DATA FOR ANALYSIS Block Start

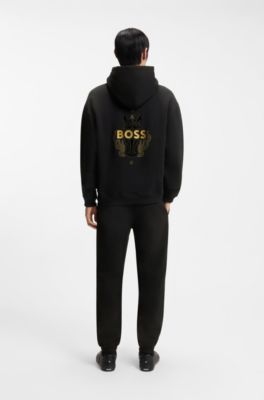 Cotton-terry hoodie with logo artwork, Black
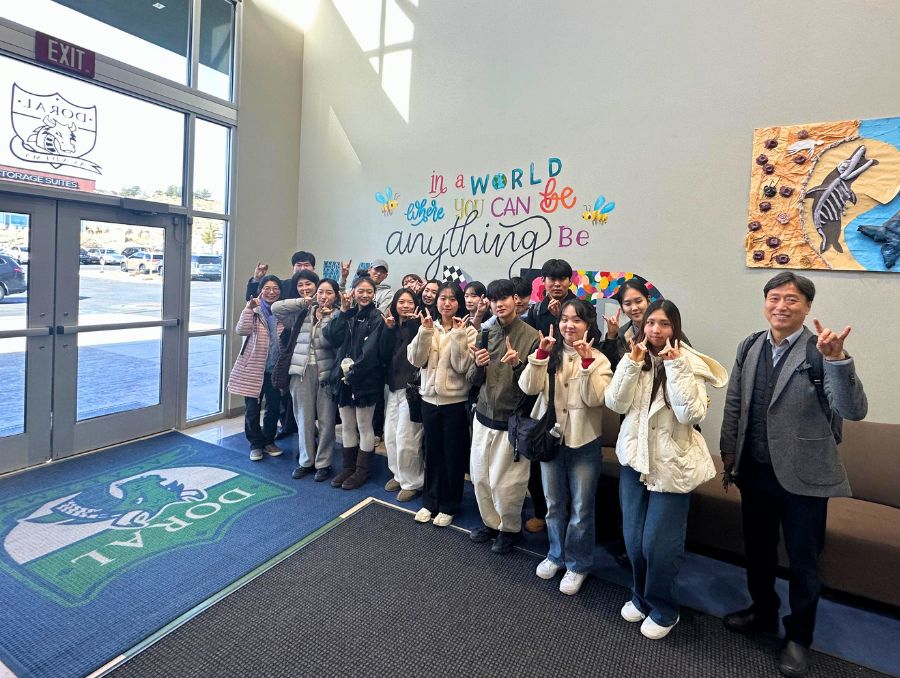 South Korean students and leaders at Doral Academy.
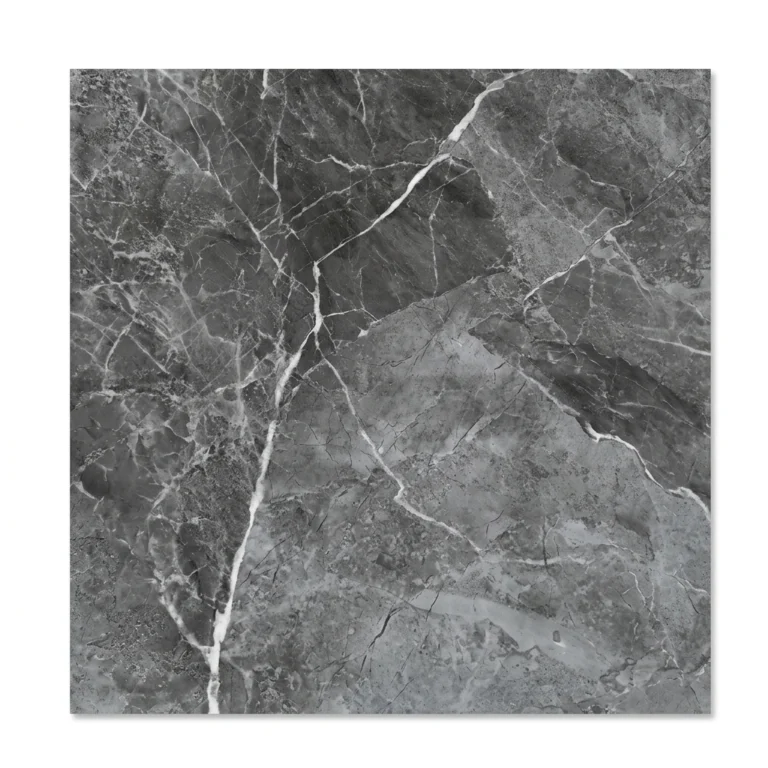 Porcelanato Vitri Emperador Grey 60x60 brillante vitrificado con diseño mármol gris oscuro y vetas elegantes de caras variadas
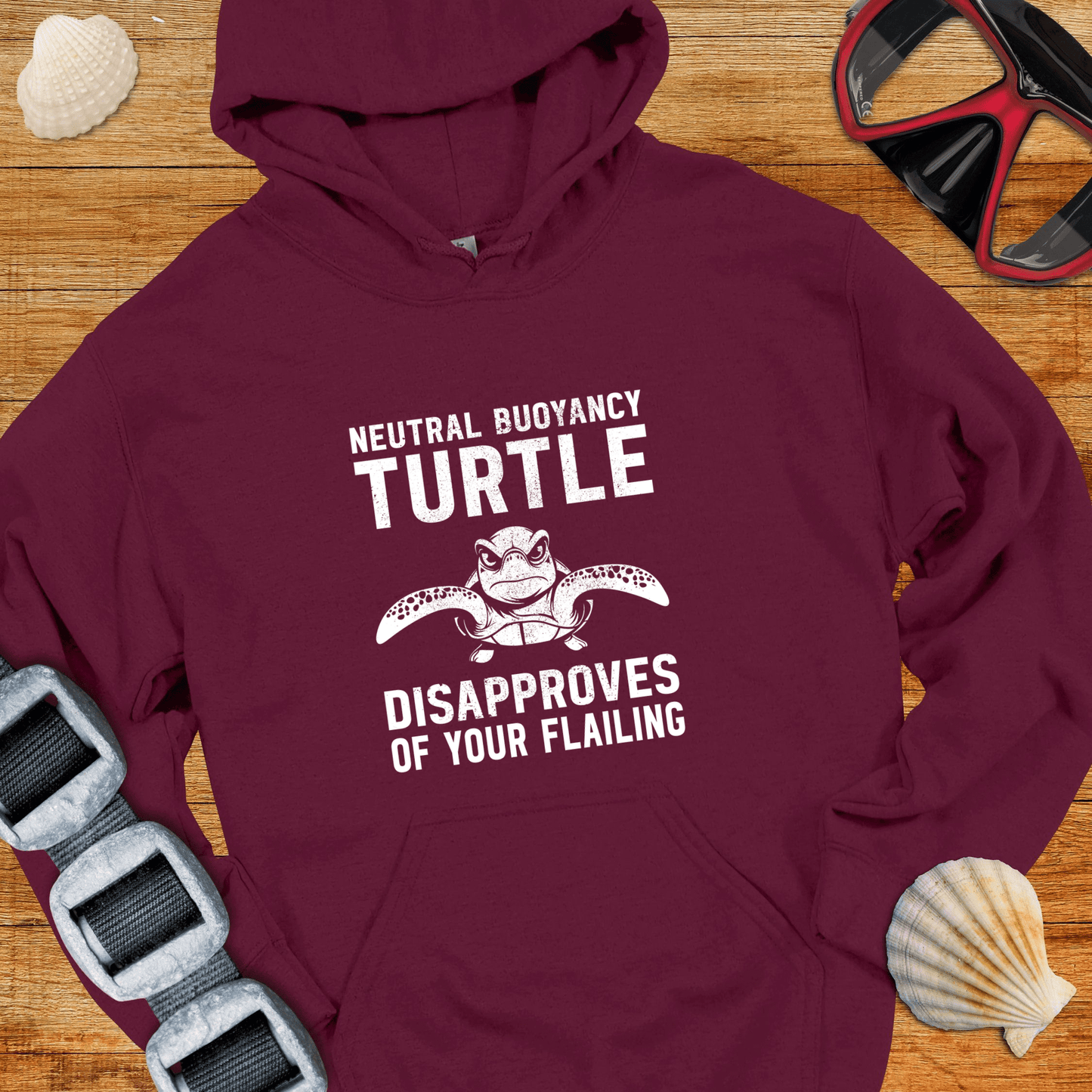 Hoodie Maroon / S Neutral Buoyancy Turtle Hoodie
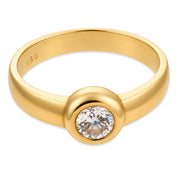 Vintage round brilliant cut diamond 14k yellow gold bezel set ring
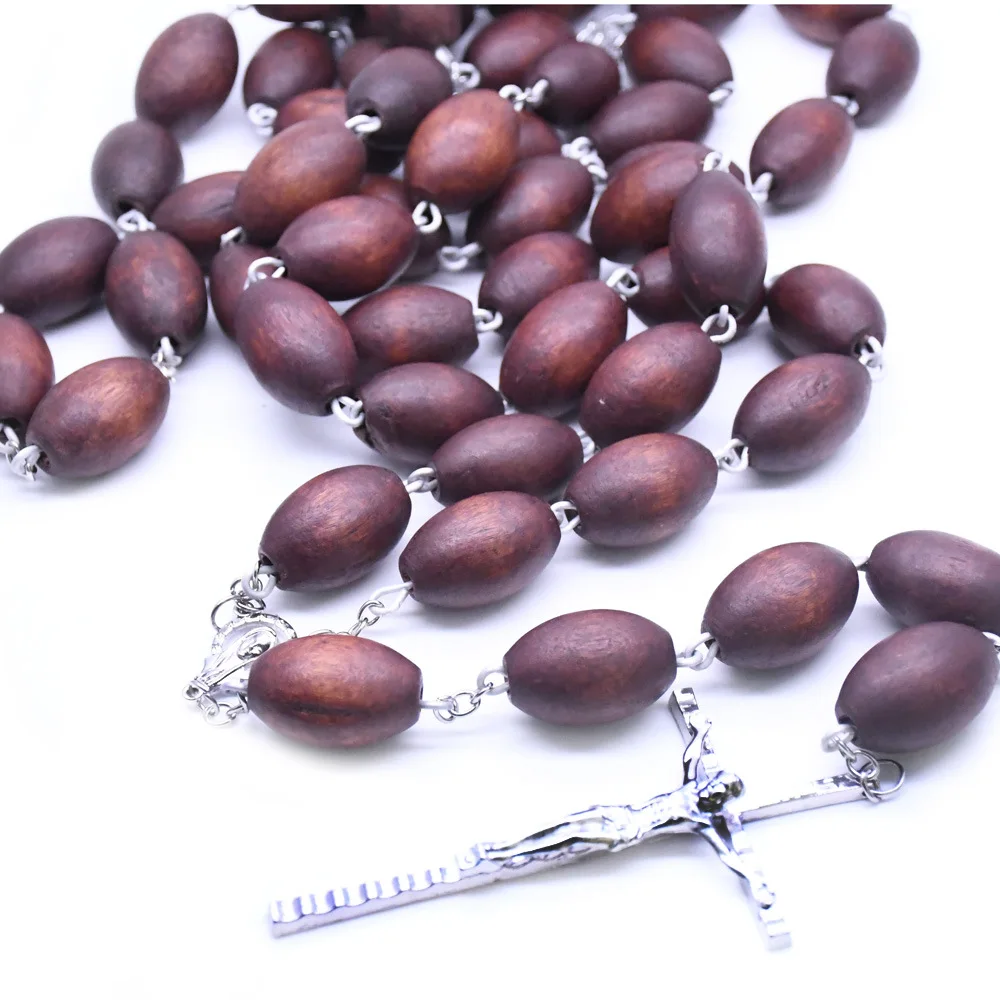 Wine Red Jujube Beads Wall Hanging Rosary Necklace Religious Decoration Catholic Cross Church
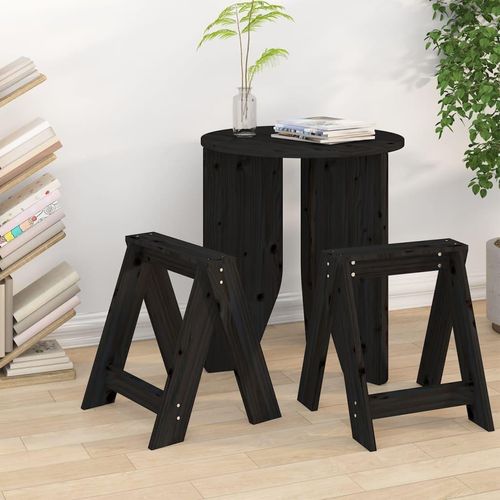 Hocker 2 Stk. Massivholz Kiefer | Farbe: Schwarz | Größe: 40 x 40 x 45 cm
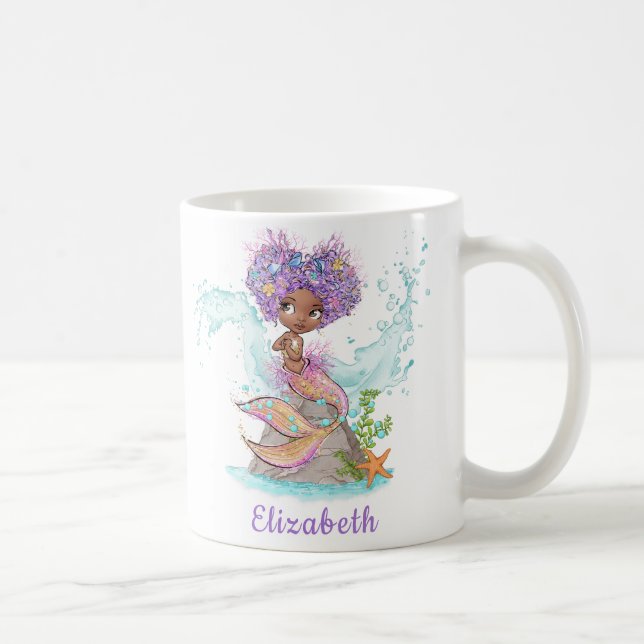 Taza De Café Pequeña sirena marrón acuarela café Mug (Derecha)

DATA FOR ANALYSIS Block End

Exactly as they stand, the entries must be written out again, pictures excluded.

 Cotton-terry hoodie with logo artwork, Black
 South Korean students and leaders at Doral Academy.
 Porcelanato Vitri Emperador Grey 60x60 brillante vitrificado con diseño mármol gris oscuro y vetas elegantes de caras variadas
 Hoodie Maroon / S Neutral Buoyancy Turtle Hoodie
 Vintage round brilliant cut diamond 14k yellow gold bezel set ring
 Wine Red Jujube Beads Wall Hanging Rosary Necklace Religious Decoration Catholic Cross Church
 Hocker 2 Stk. Massivholz Kiefer | Farbe: Schwarz | Größe: 40 x 40 x 45 cm
 Taza De Café Pequeña sirena marrón acuarela café Mug (Derecha)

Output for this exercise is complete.